George Cromey
- Full name: George Ernest Cromey
- Born: 8 May 1913 Bushmills, Co. Antrim
- Died: 27 September 2006 (aged 93) Ballymoney, Co. Antrim
- School: Methodist College Belfast
- University: Queen's University Belfast
- Occupation(s): Presbyterian minister

Rugby union career
- Position(s): Fly-half

International career
- Years: Team / Apps / (Points)
- 1937–39: Ireland / 9 / (6)
- 1938: British Lions / 1 / (0)

= George Cromey =

Rugby union player from Northern Ireland

George Ernest Cromey (8 May 1913 — 27 September 2006) was a rugby union international from Northern Ireland.

Born in Bushmills, County Antrim, Cromey was one of nine siblings. He attended Methodist College Belfast and was a 1935 graduate of Queen's University Belfast, with an honours degree in classics.

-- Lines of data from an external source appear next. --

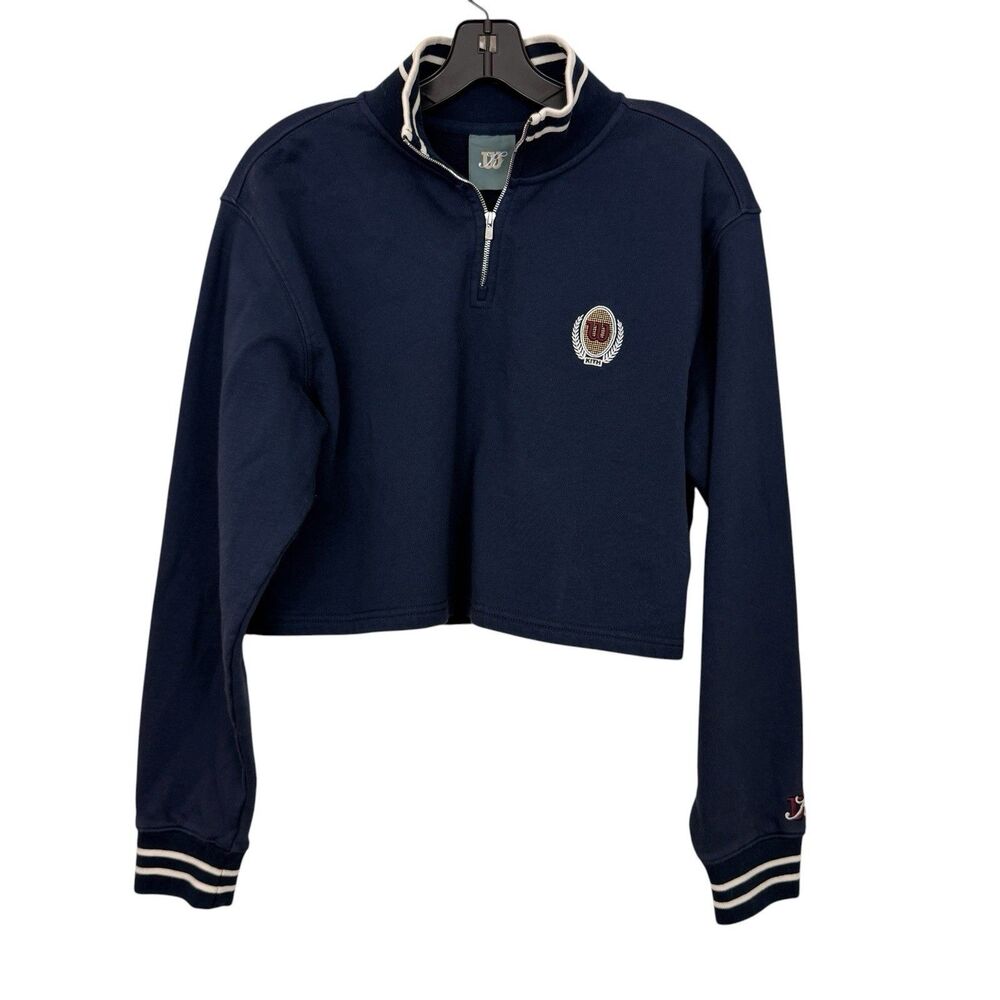 Kith x Wilson Cropped Sweatshirt Quarter Zip Pullover Womens Sz Medium Navy Blue - Picture 2 of 14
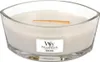 A close-up studio shot of a WoodWick candle in a clear glass container. Produktbild-Vorschau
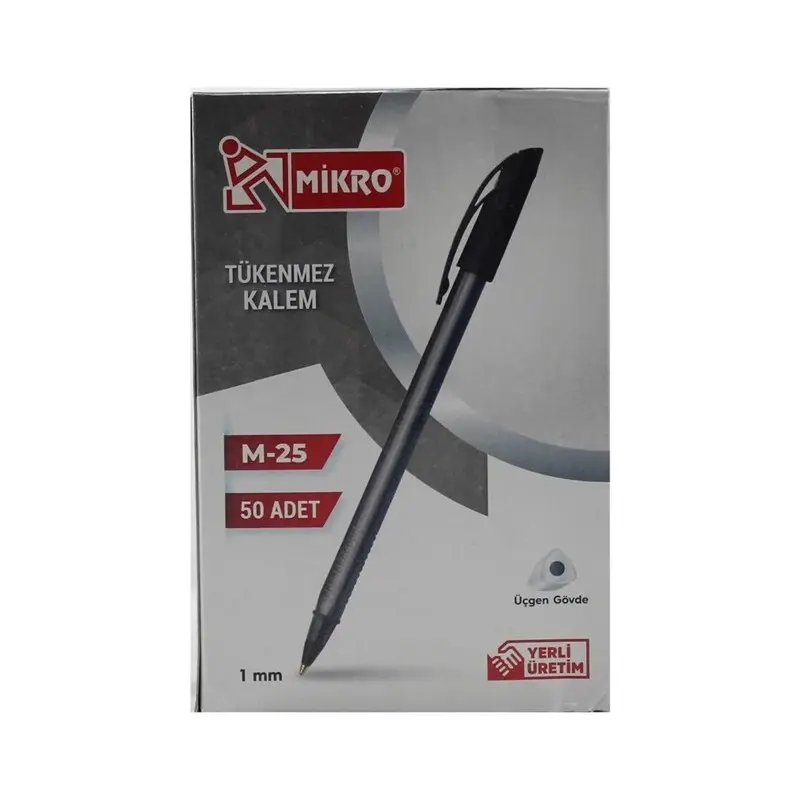 Mikro M-25 Tükenmez Kalem 1.0mm Siyah 50 Li Kutu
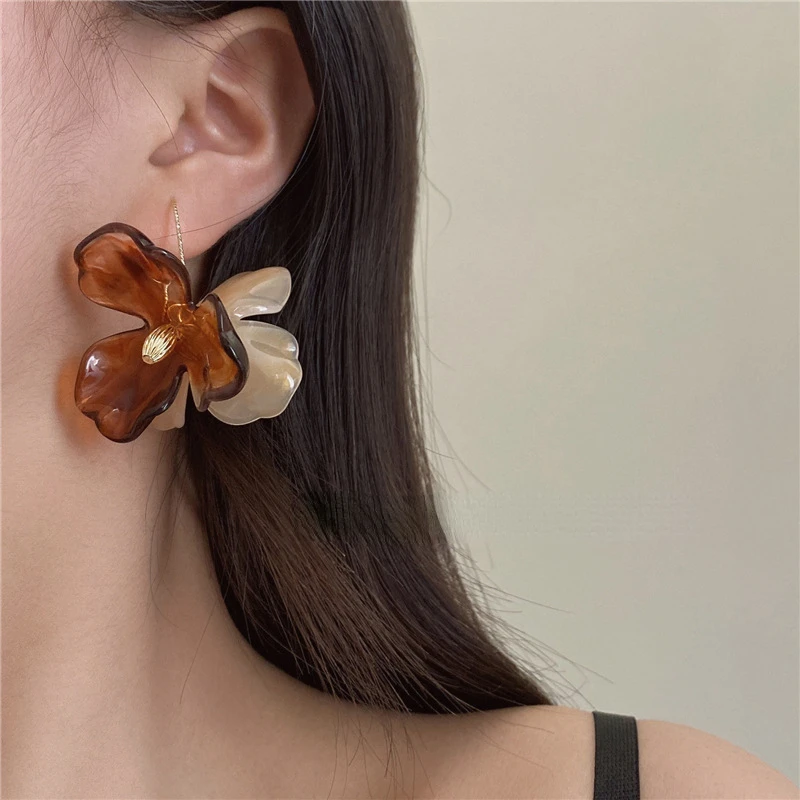 Bilandi Modern Jewelry Vintage Temperament Big Resin Brown Flower Earrings For Women Female Party Wedding Gift Accessories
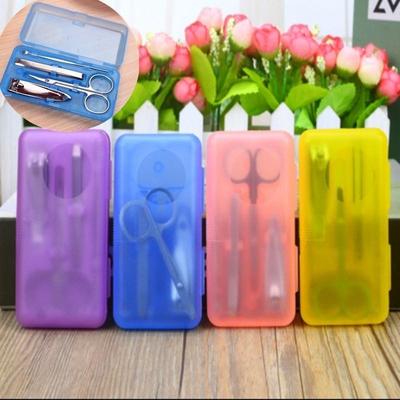 Mini Nail Art Maniküre Set Nagelpflege Werkzeuge mit Nagelknipser Schere Pinzette Farbe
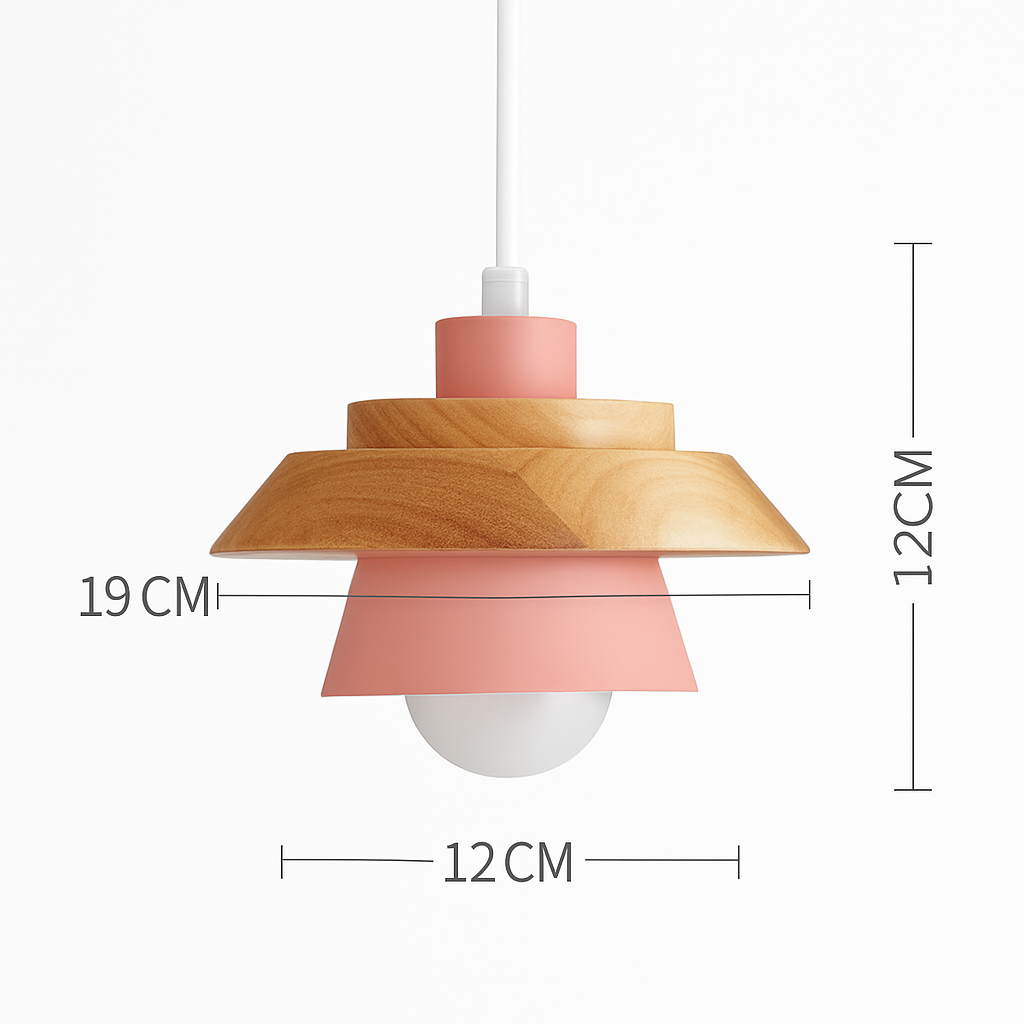 Downward-Diffusing Colored Metal & Light Wood Pendant Light (Cone & Dome)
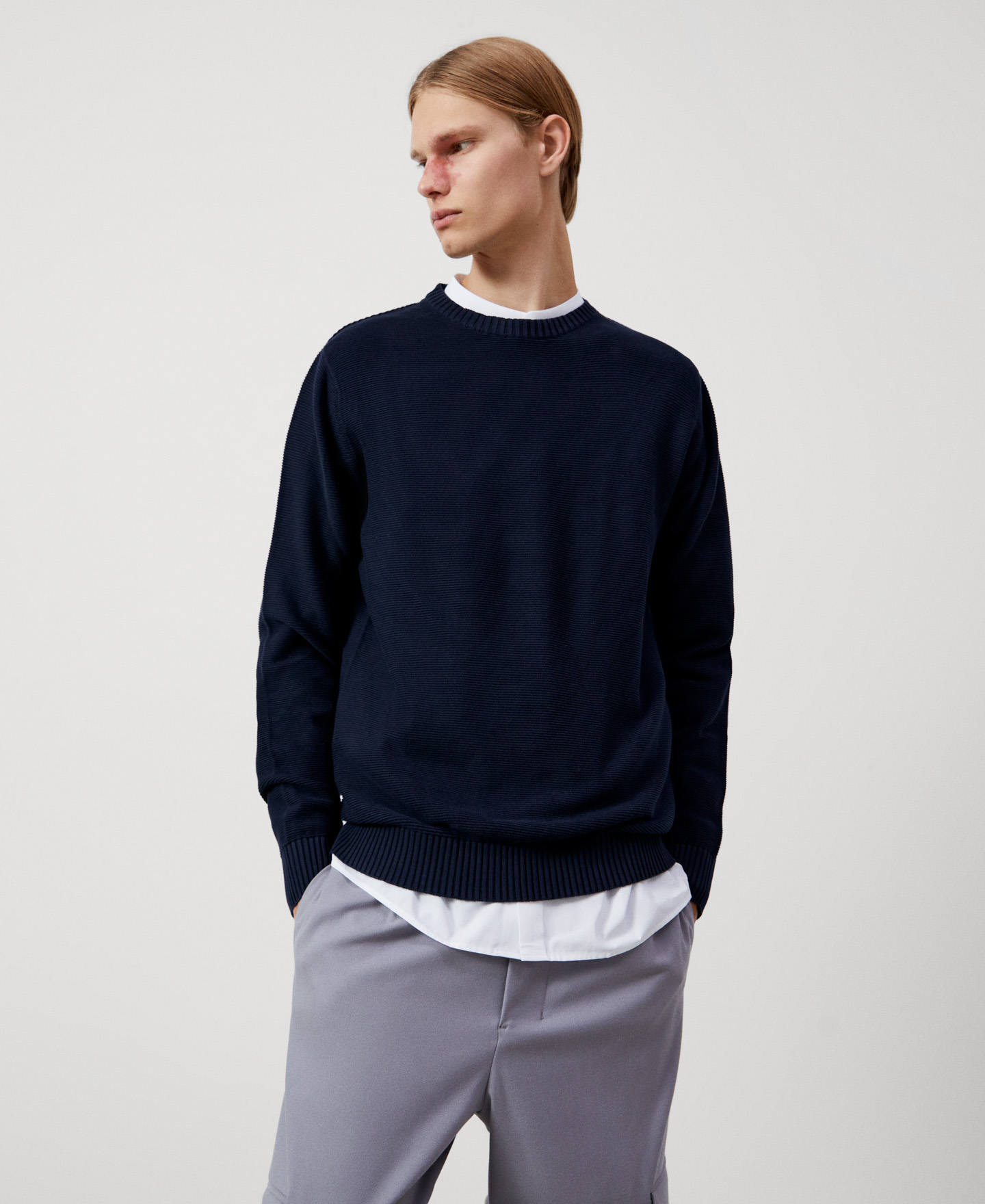 Cotton crew neck sweater image number 0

Cromey, a diminutive Queen's University fly-half, was capped nine times by Ireland in the late 1930s. He was also a member of the 1938 British Lions tour of South Africa, where he came into the team for the final Test in Cape Town, which was won 21–16. During the tour, Cromey was asked to be a roommate of Paddy Mayne, in an attempt to control the temperamental lock (later a founding member of the Special Air Service).

A RAF chaplain in World War II, Cromey served as a minister at Ballyweaney Presbyterian Church for 39 years.